Театральная история
Шрифт:
И сейчас, когда свет погас, а холод сгустился, на помощь тем, кто не верит в Бога, слетаются слова. Только они могут помочь нам сейчас, когда земля вот-вот скроет того, кто вызывал в нас столько любви.
Но мы, верующие, знаем о священном происхождении слов. И знаем, что каждый, кто творит, соприроден Господу нашему. И если в творческом порыве художник вступает в спор с Творцом, Бог наш смотрит на него с любовью. Как на дитя, которое только учится говорить, а потому произносит слова бессмысленные и нелепые. Но ребенка не остановить — он учится неустанно, и наконец начинает складывать слоги в слова, слова в предложения. А потом научается вкладывать в слова мысль и дух. Сергей
Отец Никодим поднял глаза на купол церкви — туда, где царил Бог Отец, которого так боялся Иосиф во время неудавшейся “театральной атаки”.
— Поэт неба и земли! Мы провожаем к Тебе одно из лучших Твоих созданий. Мы помним, что все мы — часть твоей бесконечно создающейся поэмы. Все мы — строки, буквы, частицы букв. И только Бог знает, когда наступает время одной из этих строк растаять. Но в великой Поэме Господа строки не исчезают. Его рукописи не горят. И сейчас слово, благодаря которому был создан Сергей, сияет в других мирах. Мы счастливы, что были подле, когда он сиял в нашем мире.
В нахлынувшей тишине Наташа и Александр крепче сжали ладони, а Сильвестр — зубы. Он подумал: “И снова не понимаю, почему этому талантливому лицедею и лицемеру не аплодируют”.
— Теперь я скажу, — не терпящим возражений тоном сказал режиссер.
Отец Никодим, не глядя на Сильвестра, ответил всем собравшимся:
— В церкви мирянам произносить речей не положено.

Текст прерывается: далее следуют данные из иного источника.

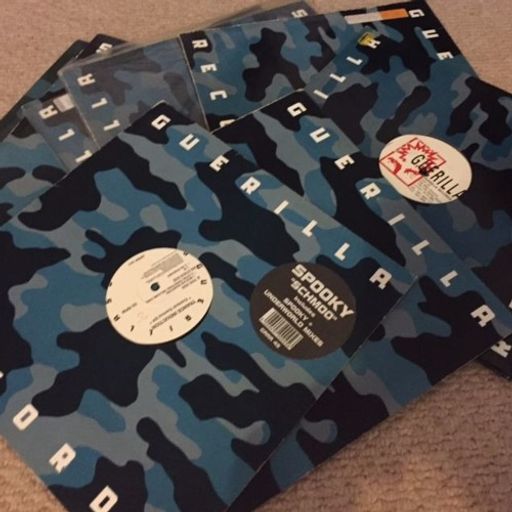 KANE FM  11 - 06 - 17 Guerilla Label Special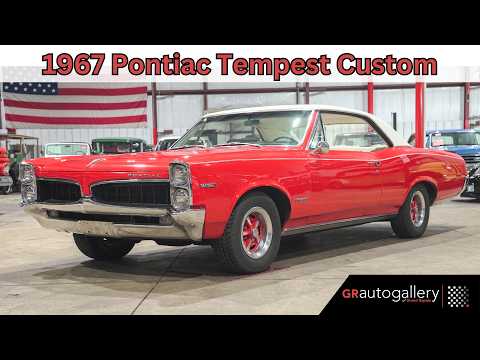1967 Pontiac Tempest (CC-2065709) for sale in Kentwood, Michigan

Пыл только что произнесенной им проповеди начал остывать. Глаза становились тусклее, мысли — земнее.
— Я скажу, — повторил каменным голосом Сильвестр, и отец Никодим почувствовал, что если не уступит, режиссер как-то страшно его опозорит.
На лице батюшки было написано: “Повинуюсь силе, и то лишь из уважения к усопшему”. Уступая место Андрееву, священник вдруг заметил плохо загримированную рану на лице Сергея. Сильвестр встал туда, где только что пребывал батюшка. Оглядел собравшихся — все были под глубоким впечатлением от слов отца Никодима. Качество наступившей тишины режиссер оценил сразу.
— Я понимаю ваше волнение. Речь прекрасная. Жесты, интонации — безупречны. Но я не прощаю того, кто сейчас так искренне, так нежно оплакивал Сергея. Более того — мне есть в чем его обвинить.
— Да как вы смеете! — воскликнул дьячок Фома. Он был возмущен тем, что отец Никодим позволил говорить мирянину. И теперь этот допущенный до амвона режиссер позорит священника в доме Божьем.
Сильвестр не обратил никакого внимания на дьяконов крик.
Вдруг из самой людской гущи взревел Балабанов:
— Я! Я! — Он обратился к Сильвестру голосом, не ведающим возражений. — Я должен выступить! Я написал стих! О люди! Крокодилы! Дайте волю моему стиху!
И Балабанов стал прорываться сквозь толпу. Казалось, что колоссальных размеров артист прорубает себе дорогу сквозь человеческую чащу. Он размахивал руками-саблями. Бешено вращал глазами. Еле сдерживал ругательства. От него несло алкоголем. Режиссер метнул в него грозный взгляд. Но это не произвело
на артиста никакого впечатления. Смерть Преображенского, “заявление об уходе” Сильвестра и триста грамм на гражданской панихиде сделали свое дело: Балабанов потерял страх. Мощным голосом артист возгласил:— Стих короткий… А я длинный… Для контраста говорю. Нас учили — контрастируй — и зритель твой… Высокое-низкое, громкое-тихое, короткое-длинное, я и стих… Я написал его даже не на смерть Сергея… На смерть другого, почти Сергея, да какая же вам разница! — взревел он. — Но стих подходит, подходит, о люди!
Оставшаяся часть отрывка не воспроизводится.